En juin 2011, une société propriétaire de locaux commerciaux et donnés à bail, a délivré un commandement de payer à la locataire visant la clause résolutoire insérée au bail au titre, notamment, des charges appelées par le syndicat des copropriétaires. La locataire a acquitté les sommes visées au commandement en précisant qu’il s’agissait d’un règlement à titre conservatoire pour éviter la résiliation du bail.
En décembre 2011, les locaux ont été vendus à une autre société. L’acte de vente prévoyait que l’acquéreur fera son affaire personnelle, d’une part, de la continuation ou de la résiliation des baux dont les biens sont l’objet ainsi que de toutes les procédures qui pourraient survenir à compter de l’entrée en jouissance sans recours contre le vendeur, aux droits et obligations duquel il sera purement et simplement subrogé, d’autre part, de tout contentieux qui se déclarerait à compter du transfert de propriété, même si la cause en était directement ou indirectement antérieure.
En 2015, la locataire a assigné la société cédante en annulation du commandement de payer et en restitution des sommes à elle indûment payées.

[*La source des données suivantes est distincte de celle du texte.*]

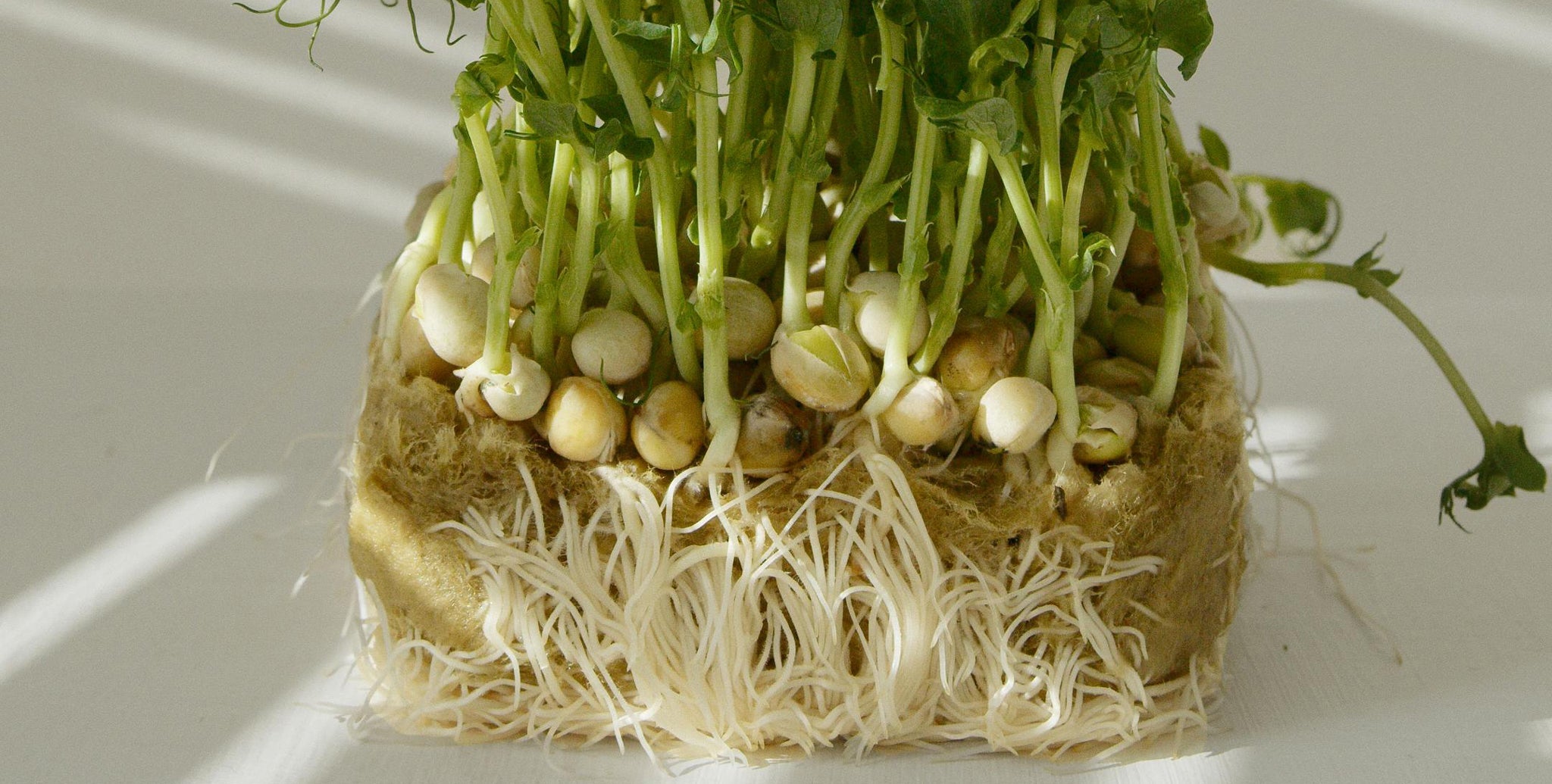 Microgreen & Sprouting Seeds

Cette société a appelé en la cause la société cessionnaire.
Pour mettre hors de cause la société cédante, la cour d’appel retient “qu’il importe peu que celle-ci ait perçu les fonds dont la restitution est demandée par la locataire, dès lors que l’acte de vente des locaux loués stipulait une clause de subrogation de l’acquéreur dans les droits et obligations du vendeur pour tout contentieux qui se déclarerait à compter du transfert de propriété même si la cause en était directement ou indirectement antérieure et qu’au jour de la délivrance de l’assignation par la locataire, c’est la société cessionnaire qui avait seule la qualité de bailleresse”.

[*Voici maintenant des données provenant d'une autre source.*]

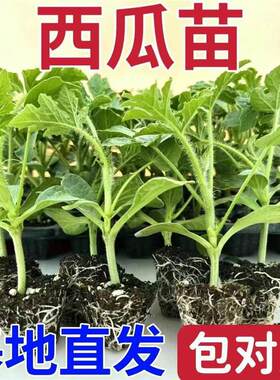 【下单立减50】西瓜苗8424麒麟超甜无籽西瓜秧苗盆栽地栽种植ZP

La Cour de cassation (16/05/2024, 22-19922) rappelle tout d’abord :
– que selon l’article 1165 du Code civil, dans sa rédaction antérieure à celle issue de l’ordonnance N. 2016-131, “les conventions n’ont d’effet qu’entre les parties contractantes et ne nuisent point aux tiers” ;
– qu’en application de l’article 1743, alinéa 1er, du Code civil, “le bail est opposable à l’acquéreur qui en a eu connaissance avant la vente de la chose louée” ;
– qu’aux termes de l’article 1376 ancien du Code civil, “celui qui reçoit par erreur ou sciemment ce qui ne lui est pas dû s’oblige à le restituer à celui de qui il l’a indûment reçu“.
Elle précise ensuite qu’il “résulte de la combinaison de ces textes que le locataire peut agir à l’encontre de son bailleur originaire en restitution de paiements indus effectués au titre de loyers et charges échus antérieurement à la vente, sans que celui-ci, qui reste tenu à son égard de ses obligations personnelles antérieures à la vente, ne puisse lui opposer une clause contenue dans l’acte de vente subrogeant l’acquéreur dans les droits et obligations du vendeur“.
Elle juge donc qu’en “statuant ainsi, alors que la locataire avait versé les sommes prétendument indues au titre de charges locatives à la société [cédante] antérieurement à la vente, la cour d’appel a violé les textes susvisés“.